いまだかつて味わった事が無い感触が俺の右手に伝わる。
揉む度に上気していくお姉ちゃんのテレ顔と併せると凄い破壊力だ。
お姉ちゃんのおっぱいを揉みながらではあるが、落ち着いて今の状況を整理してみよう。
深く息を吐いてー、そして大きく吸いこむ。
吐いてー吐いてー吸ってー吸ってー。
吐いてー吐いてー吸ってー吸ってー吸ってー吸ってー……
よし、苦しさが俺の頭をクリアにしてくれる。
俺に何が起きたのか、まずはそこの振り返りから始めよう。
ほんの先程まで、俺は健気に不毛な社会を無理くり生きていた。
そこで気持ちばかりの休暇を貰ったはずなのだが、不慮の事故で社会からサヨナラしたらしい。

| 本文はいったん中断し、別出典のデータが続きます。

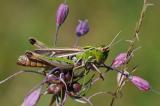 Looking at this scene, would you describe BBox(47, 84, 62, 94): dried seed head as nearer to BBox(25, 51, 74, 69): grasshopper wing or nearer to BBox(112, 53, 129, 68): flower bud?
BBox(25, 51, 74, 69): grasshopper wing


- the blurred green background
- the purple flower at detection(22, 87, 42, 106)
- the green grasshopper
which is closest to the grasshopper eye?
the green grasshopper

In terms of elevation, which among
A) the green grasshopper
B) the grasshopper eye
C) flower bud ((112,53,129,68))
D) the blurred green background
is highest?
the grasshopper eye

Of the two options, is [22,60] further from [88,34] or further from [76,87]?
[88,34]

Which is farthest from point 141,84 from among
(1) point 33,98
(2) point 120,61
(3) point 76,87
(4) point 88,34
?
(4) point 88,34

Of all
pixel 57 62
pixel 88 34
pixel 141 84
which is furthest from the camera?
pixel 88 34

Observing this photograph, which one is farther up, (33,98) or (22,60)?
(22,60)

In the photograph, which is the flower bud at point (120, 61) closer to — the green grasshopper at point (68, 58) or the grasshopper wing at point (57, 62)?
the green grasshopper at point (68, 58)

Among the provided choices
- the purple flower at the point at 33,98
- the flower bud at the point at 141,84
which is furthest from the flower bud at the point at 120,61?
the purple flower at the point at 33,98

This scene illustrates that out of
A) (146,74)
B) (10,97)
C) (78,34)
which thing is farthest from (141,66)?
(78,34) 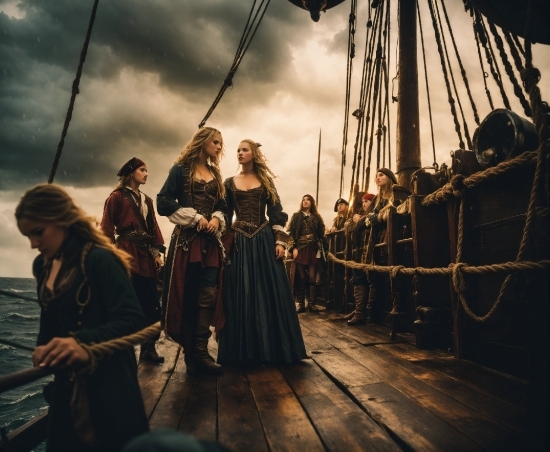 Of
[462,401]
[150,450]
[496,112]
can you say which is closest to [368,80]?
[496,112]

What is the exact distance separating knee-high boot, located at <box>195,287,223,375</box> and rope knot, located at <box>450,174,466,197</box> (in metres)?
2.01

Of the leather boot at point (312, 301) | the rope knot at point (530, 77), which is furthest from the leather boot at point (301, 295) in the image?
the rope knot at point (530, 77)

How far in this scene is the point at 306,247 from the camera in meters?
6.98

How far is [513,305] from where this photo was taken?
2.51 m

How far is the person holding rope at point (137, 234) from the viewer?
128 inches

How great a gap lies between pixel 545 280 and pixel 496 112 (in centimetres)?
159

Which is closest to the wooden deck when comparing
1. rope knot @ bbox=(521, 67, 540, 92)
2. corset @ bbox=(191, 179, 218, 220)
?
corset @ bbox=(191, 179, 218, 220)

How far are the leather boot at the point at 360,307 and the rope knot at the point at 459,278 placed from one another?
2.51 m

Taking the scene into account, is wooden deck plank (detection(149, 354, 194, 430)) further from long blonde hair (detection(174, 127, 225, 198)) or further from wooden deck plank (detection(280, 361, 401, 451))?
long blonde hair (detection(174, 127, 225, 198))

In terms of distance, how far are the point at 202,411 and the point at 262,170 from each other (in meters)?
2.09

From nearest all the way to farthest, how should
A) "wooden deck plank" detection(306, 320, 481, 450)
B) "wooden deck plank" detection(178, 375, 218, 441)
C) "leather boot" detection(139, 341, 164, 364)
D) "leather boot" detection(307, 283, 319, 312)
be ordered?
"wooden deck plank" detection(306, 320, 481, 450) < "wooden deck plank" detection(178, 375, 218, 441) < "leather boot" detection(139, 341, 164, 364) < "leather boot" detection(307, 283, 319, 312)

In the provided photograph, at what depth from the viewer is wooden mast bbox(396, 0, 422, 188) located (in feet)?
20.7

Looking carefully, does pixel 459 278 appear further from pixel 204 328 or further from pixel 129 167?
pixel 129 167

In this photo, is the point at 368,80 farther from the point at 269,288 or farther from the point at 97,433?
the point at 97,433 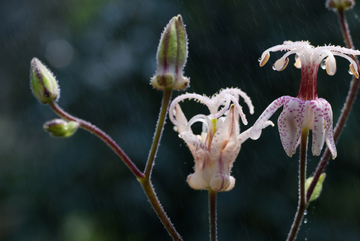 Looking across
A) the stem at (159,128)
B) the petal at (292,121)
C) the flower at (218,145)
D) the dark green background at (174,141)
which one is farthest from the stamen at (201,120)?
the dark green background at (174,141)

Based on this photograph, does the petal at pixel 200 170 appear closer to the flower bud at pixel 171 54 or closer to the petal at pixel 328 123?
the flower bud at pixel 171 54

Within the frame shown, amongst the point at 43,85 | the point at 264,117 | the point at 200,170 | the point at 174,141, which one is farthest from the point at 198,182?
the point at 174,141

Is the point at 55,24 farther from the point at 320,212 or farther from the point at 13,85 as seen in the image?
the point at 320,212

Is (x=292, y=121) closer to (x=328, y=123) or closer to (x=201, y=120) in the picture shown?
(x=328, y=123)

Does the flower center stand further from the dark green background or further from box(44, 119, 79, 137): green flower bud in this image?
the dark green background

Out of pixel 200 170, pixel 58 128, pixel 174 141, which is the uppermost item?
pixel 58 128

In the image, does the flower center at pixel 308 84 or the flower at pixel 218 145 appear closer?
the flower center at pixel 308 84

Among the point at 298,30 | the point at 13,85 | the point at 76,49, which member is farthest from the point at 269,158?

サヨナラした時の記憶は無いが、今となっては既にどうでも良いことだ。
自分の様子が何かおかしいということに気が付いたとき、神を名乗る存在が目の前にいた。
神は俺に告げた。
「第二の人生を別の世界で送らせてやろう。向こうで生きていくにあたって、お前の望むことを何でも一つだけ叶えてやる」
俺が願ったお姉ちゃんは、まさに理想通りの女性だった。
肩まで掛かる長さの明るい色の髪は、毛先にウェーブが掛かってとってもエアリィ。
顔のパーツは形が良く、そのそれぞれが大きく見えるのは顔が小さめのためだろう。
少しタレ気味の大きな目をしており、左目には泣きぼくろも添えてセクシーだ。
キリッとした鎖骨の下に待つ胸は、でっかい巨乳のおっぱいだ。
自分で何言ってるか分からなくなっているが、おっぱいは大事な部分だから仕方がない。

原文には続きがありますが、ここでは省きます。